I first used conda to install tensorflow but that resulted in an error message about multiple versions of OpenMP. I removed the conda version of tensorflow and used pip to install it. That fixed that issue.

Due to version differences, I had to remove the 1.3 version of Keras installed from the pip install from the requirements.txt file and installed version 1.1.0 due to depreciation issues with the keras.misc.imread() method.

The last issue I had required me to modify the srgan.py file line 16 to read…

from keras_contrib.layers.normalization.instancenormalization import InstanceNormalization

Again, this has to do with version differences from when the Keras-GAN project was made. The project should have included version numbering in the requirements.txt file.

Before running the application you need to download the training data from https://www.dropbox.com/sh/8oqt9vytwxb3s4r/AADIKlz8PR9zr6Y20qbkunrba/Img/img_align_celeba.zip?dl=0. The instructions are at the top of the srgan.py file.

With that done, I was able to run the application. If you cannot use a GPU it will take a very long time for this to run. I stopped after about 16 hours but I could at least see that it was making progress.

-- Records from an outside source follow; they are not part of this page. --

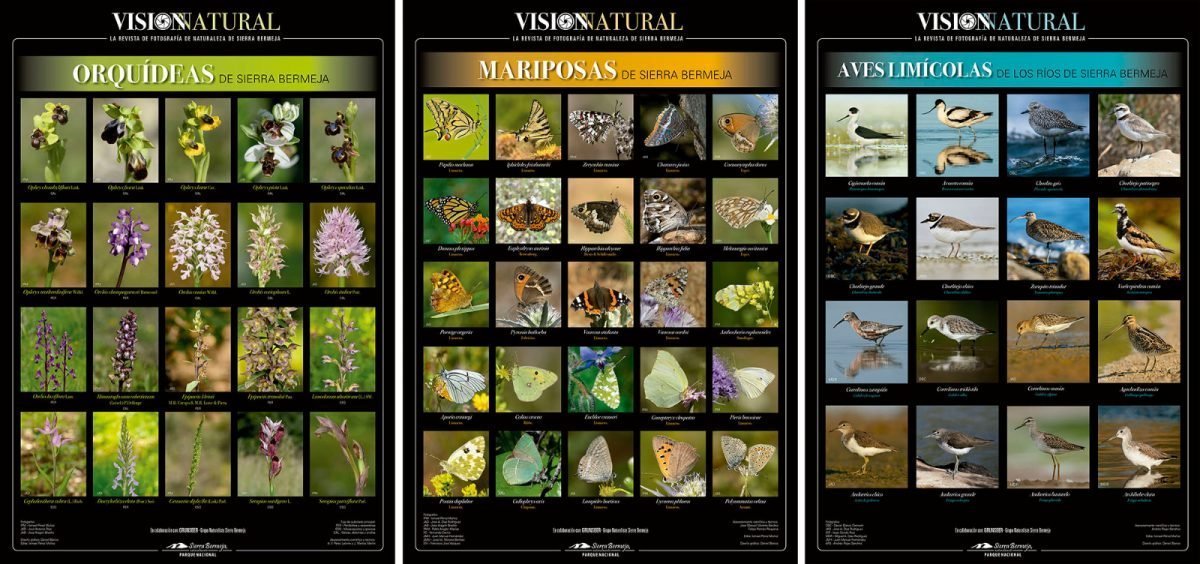 Los centros educativos reciben carteles sobre la flora y fauna de Sierra Bermeja - Carteles Grunsber Los centros educativos reciben carteles sobre la flora y fauna de Sierra Bermeja - Carteles Grunsber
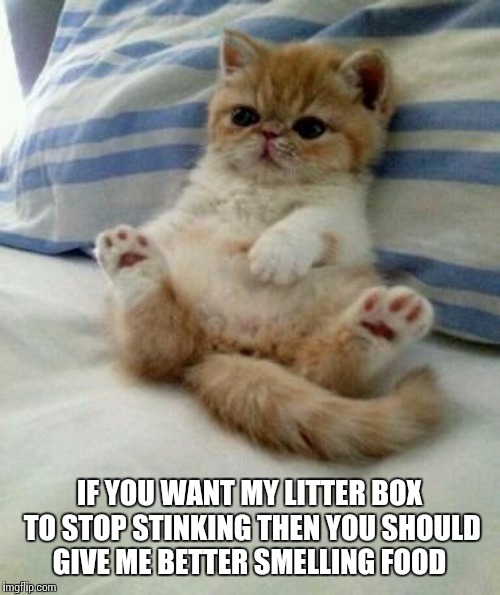 Advice cat | IF YOU WANT MY LITTER BOX TO STOP STINKING THEN YOU SHOULD GIVE ME BETTER SMELLING FOOD | image tagged in advice cat,fat,memes | made w/ Imgflip meme maker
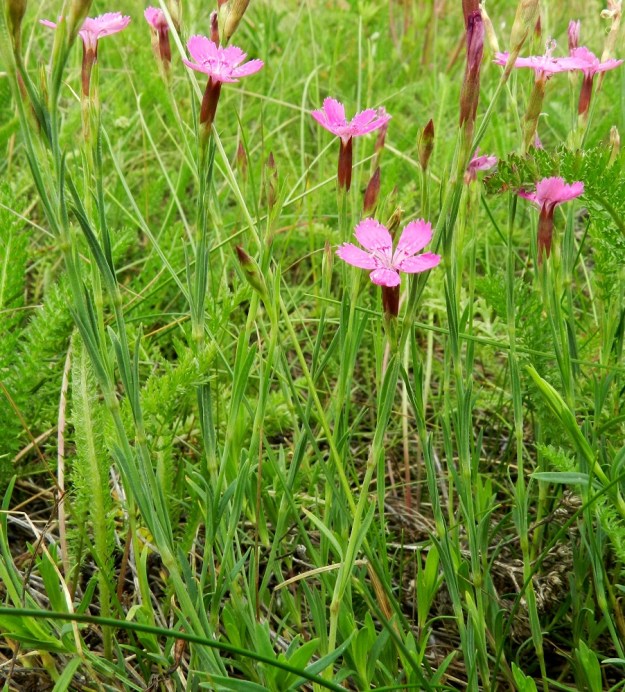 Dianthus deltoides - ketoneilikan kukkavarsissa on aika tiheässä lehtiä, jotka ovat pareittain vastakkain. Ne ovat ruodittomia ja kasvaneet tyvestään yhteen tuppeen. Malliltaan ne ovat tasasoukat tai kapeansuikeat sekä noin 10-30 mm pitkät ja noin 1-2,5 mm leveät. EH, Hämeenlinna, Sairio, radanvarsiketo Vanajaveden rannassa, 25.6.2011. Copyright Hannu Kämäräinen.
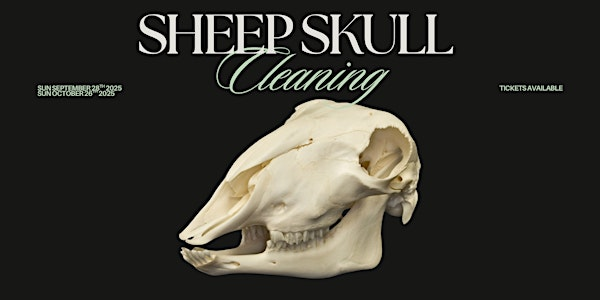 Sheep Skull Cleaning Workshop - 2 Days | Pretty Dead Taxidermy
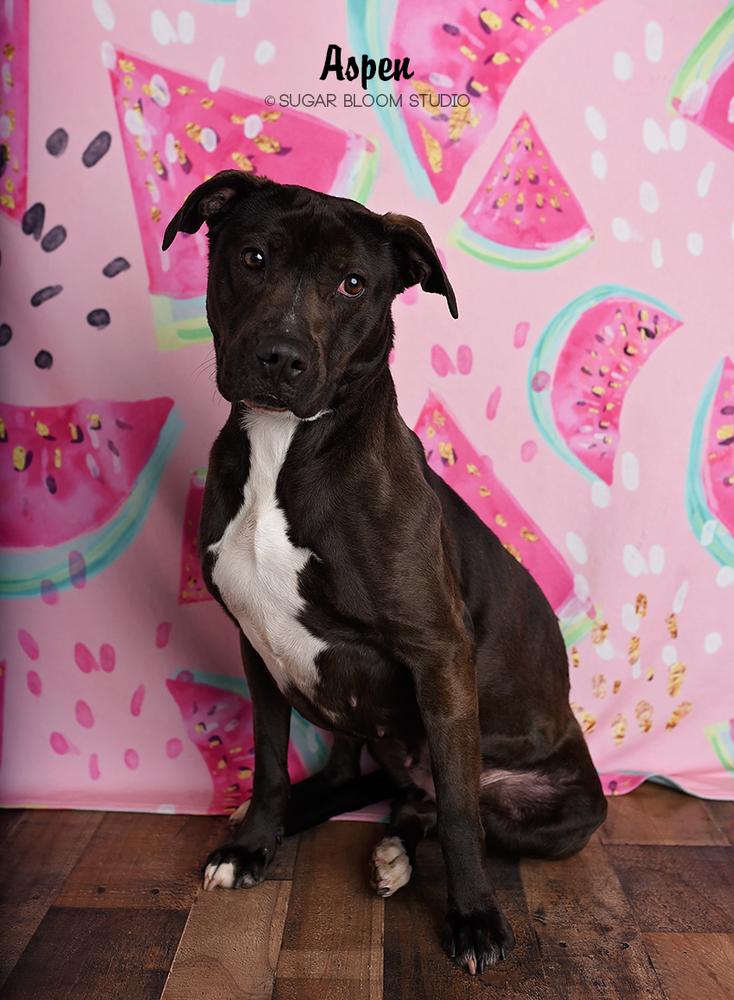 Enlarge Aspen, a Adopted mixed breed in Littleton, CO image 6/6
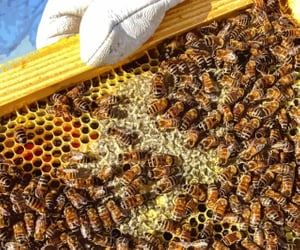 37 Buzz-Worthy Gifts For Beekeepers Guaranteed To Help Their Hives Thrive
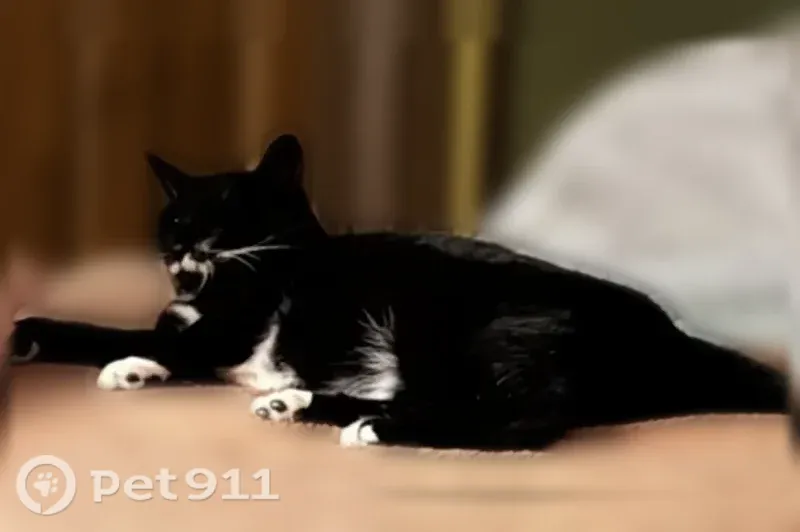 Lost cat, Westhaven Drive, 119, Kettering — female, microchipped - photo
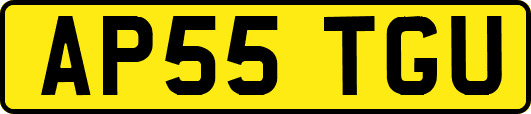 AP55TGU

This project does not really get you ready to build and train a model to use for inferences. The model is not saved after training and here is no method for making inferences. There are other SRGAN projects at GitHub that use pretrained models and have the code for training as well as inferences. What it does do is demonstrate the training of the network. It produces a comparison image every 50 epochs so you can see how the training is going. It also demonstrates why it takes 30000 epochs to train a model. It is a Keras implementation of an SRGAN based on the paper linked below.

The state of the art for solving many computer vision problems is using CNNs. GANs make use of two CNNs, a generator and a discriminator. In training, the generator never sees the original high resolution image. It only receives the low resolution image and tries to generate an HR image that can fool the discriminator. The discriminator gets trained to distinguish between super resolution images and real images. In training, the discriminator adjusts the weights for the generator so it learns how to further improve its result.

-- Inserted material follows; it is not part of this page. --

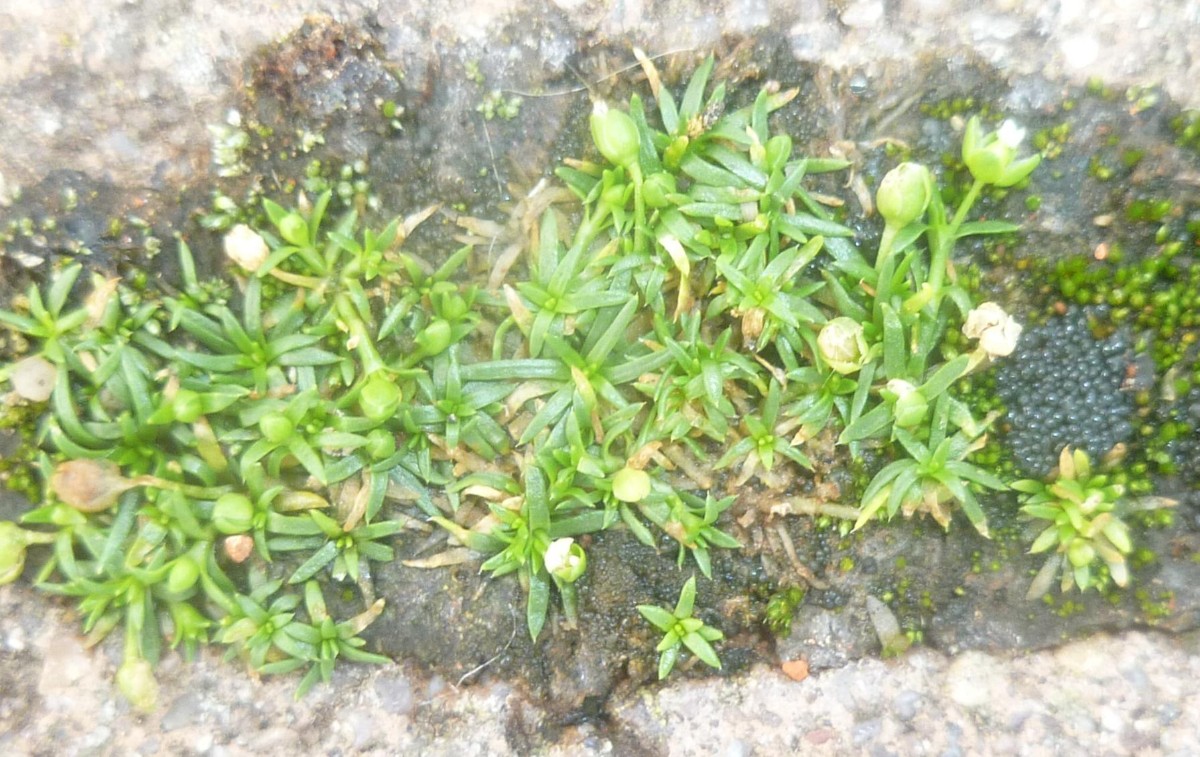 (1) Mastkraut Habitus.JPG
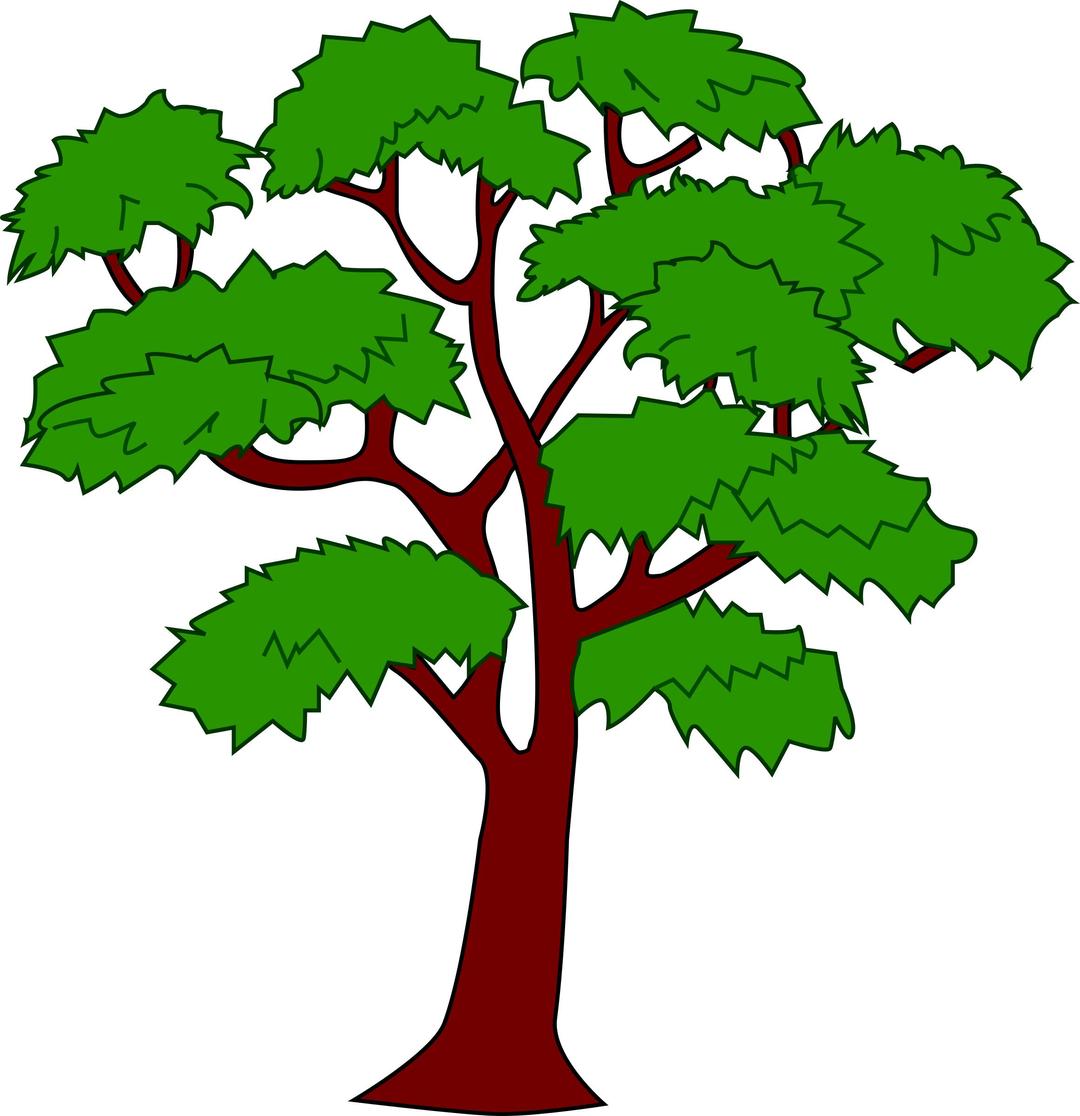 Mahogany tree png transparent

The paper Photo-Realistic Single Image Super-Resolution Using a Generative Adversarial Network by Christian Ledig et al contains all the gory details and history of Super Resolution as well as the implementation of SRGAN. SRGAN is the state of the art solution for regenerating perceptual details and textures when super resolving images.

The authors built upon already existing constructs demonstrated by many other authored papers and combined the best results in a unique way in part by formulating a loss function based on the euclidean distance between feature maps extracted from the VGG19 and using the concepts of residual blocks and skip-connections of CNNs.

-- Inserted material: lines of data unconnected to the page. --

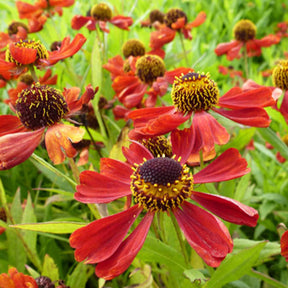 Hélénie Rubinzwerg - Helenium rubinzwerg - Willemse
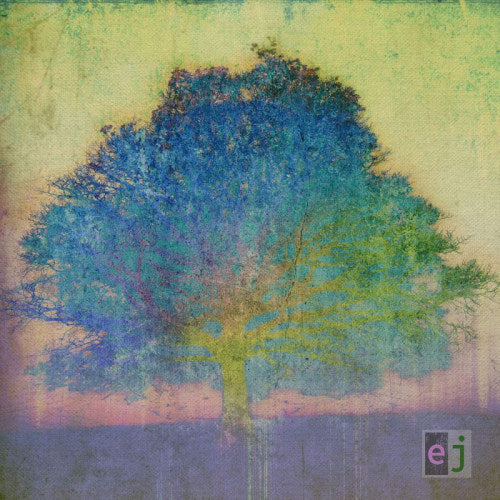 Eric Johnson - Ej (CD) - Velvet Music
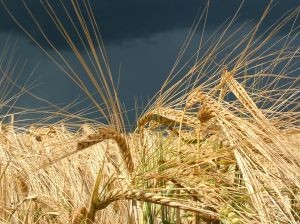 Molienda de trigo de la Región del Biobío creció 2,9% en mayo
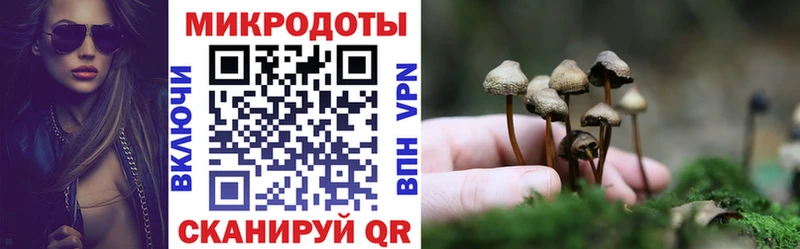 купить наркотики цена  Ртищево  Галлюциногенные грибы MAGIC MUSHROOMS 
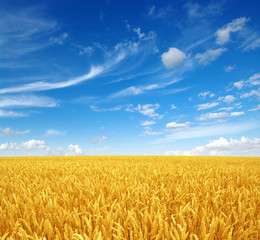 Wall Mural - wheat field and sky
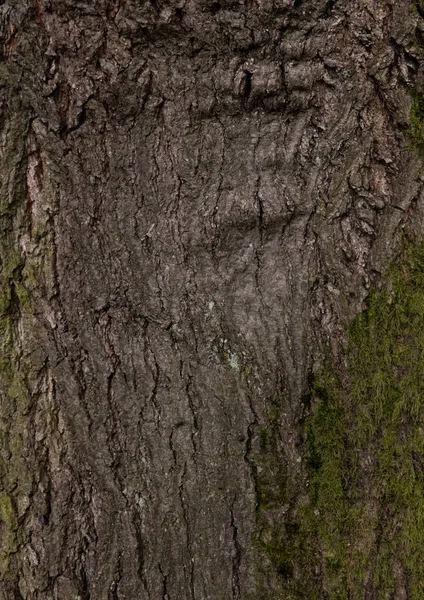 Крупный План Ствола Дерева Покрытого Мхом — стоковое фото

Architecture of Generator and Discriminator Network with corresponding kernel size (k), number of feature maps (n) and stride (s) indicated for each convolutional layer.

The Keras-GAN implementation will require some additional programming in order to build and save a model you could reuse for your own purposes. It does however demonstrate the uncanny power of this construct to obtain realistic looking high resolution images from low resolution images.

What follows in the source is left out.